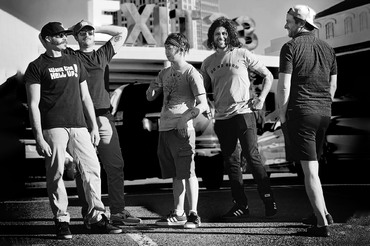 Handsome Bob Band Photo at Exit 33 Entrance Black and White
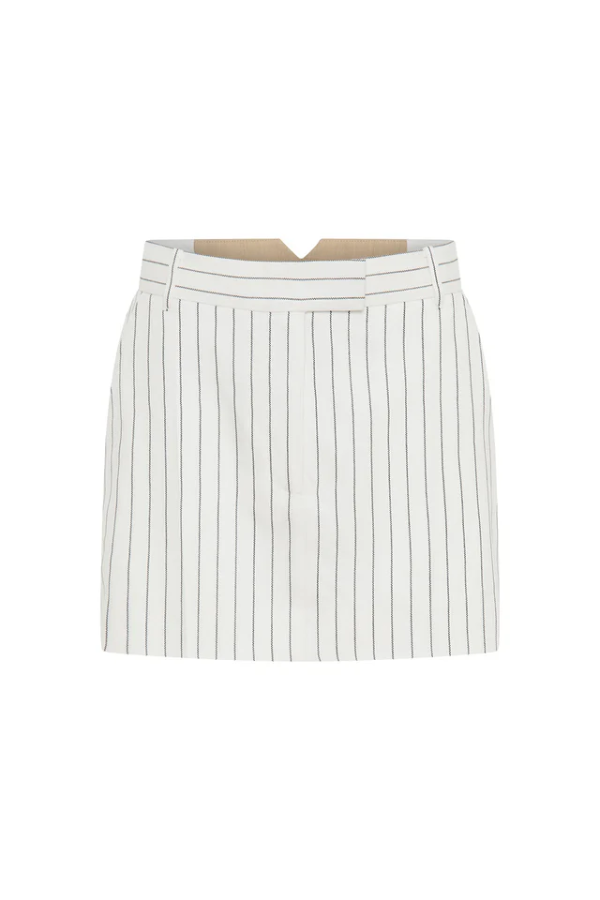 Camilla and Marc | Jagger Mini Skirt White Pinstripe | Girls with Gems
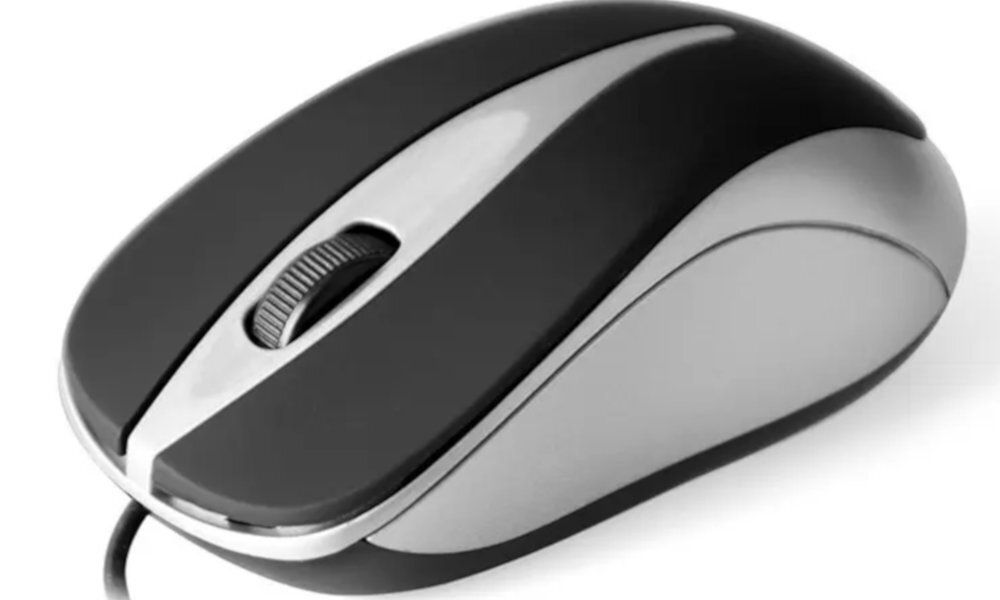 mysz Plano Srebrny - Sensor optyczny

• Activity
Write out the data once more exactly, omitting the pictures.

• Output of the exercise
 Handsome Bob Band Photo at Exit 33 Entrance Black and White
 Camilla and Marc | Jagger Mini Skirt White Pinstripe | Girls with Gems
 mysz Plano Srebrny - Sensor optyczny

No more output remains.